Since the Taliban took over Afghanistan on Aug. 15, the country – already struggling with drought and severe poverty from decades of war – has seen its economy all but collapse.
Most of the nation’s international assistance has been cut off, though there are exceptions for humanitarian aid. Billions of dollars in central bank assets held abroad have also been frozen, which has put pressure on the banking system.
Those billions in assets of the Afghani central bank that are in accounts abroad should stay frozen, for if they were to be unfrozen, the Taliban would promptly take them over. And nothing should be done that would support the fanatical Muslims of the Taliban.

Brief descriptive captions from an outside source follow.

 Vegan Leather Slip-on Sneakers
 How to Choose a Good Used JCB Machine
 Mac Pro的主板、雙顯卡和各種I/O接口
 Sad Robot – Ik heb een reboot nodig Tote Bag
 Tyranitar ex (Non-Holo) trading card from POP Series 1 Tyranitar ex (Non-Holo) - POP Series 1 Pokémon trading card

“Our worry is Afghan suffering will increase, the impact will be inside… but also it could be beyond Afghanistan… in terms of displacement not only to countries like Pakistan and Iran that have been generous hosts of refugees for decades, but beyond.”

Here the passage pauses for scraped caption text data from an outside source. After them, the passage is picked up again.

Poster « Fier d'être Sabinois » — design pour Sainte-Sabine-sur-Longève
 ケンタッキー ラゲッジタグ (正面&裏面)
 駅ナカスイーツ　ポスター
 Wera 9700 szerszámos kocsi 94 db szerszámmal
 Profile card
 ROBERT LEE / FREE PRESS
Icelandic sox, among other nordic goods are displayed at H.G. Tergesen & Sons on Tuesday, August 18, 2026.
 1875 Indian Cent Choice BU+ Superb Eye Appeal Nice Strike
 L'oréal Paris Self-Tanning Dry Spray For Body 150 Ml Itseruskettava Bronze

The total needed for humanitarian operations in Afghanistan in the next few months is $600 million, Baloch said, and only 35% of that had been provided by international donors, despite promises at a recent conference in Geneva where donors pledged more than $1 billion in aid….

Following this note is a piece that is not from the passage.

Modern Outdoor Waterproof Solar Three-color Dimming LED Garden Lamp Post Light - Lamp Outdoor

If the Americans can figure out a way to distribute aid directly to impoverished Afghans, bypassing the Taliban altogether, then some limited humanitarian aid could be given. But that’s it. And before making any commitment to provide such aid, Washington should try to claw back as much of the billions that were seized by corrupt Afghans, such as Abdul Rahim, Daoud, and Hamed Wardak. There ought to be legislation allowing the American government to seize the assets in this country of the Wardaks — and others like them — based on the argument that there is no possible explanation for their great wealth other than corruption, and that the money they stole came from the American government, which has a right to get as much of it back as possible. Washington can, for example, make an attempt at freezing the Wardaks’ bank accounts and seizing the Wardaks’ real estate, and try to persuade other Western countries to do likewise. And that extends to many other Afghans beside the Wardak family – literally, to thousands of Afghans who treated the American government as their own ATM machine. The self-exiled former President of Afghanistan Ashraf Ghani, who skipped his country – what a patriot! — as soon as the Taliban approached Kabul, carried with him on the plane $169 million in cash. Where could he have gotten such sums, given that his official salary was only in the five figures? It’s American aid money, and we must do everything we can to get it back. And how did one of Ghani’s predecessors, the mediagenic Hamid Karzai – who comically claims a net worth of $20,000 — manage to amass $20 million on the same modest salary as Ghani? If we simply compile a list the 200 leading members of the Afghan government from 2001 to 2021, and then beside each name put both their government salaries and their current estimated net worth, the results will be both eye-opening and maddening. What will Biden, what will Congress, do to claw back what is, after all, American taxpayers’ money? Anything? Or, as I greatly fear, nothing?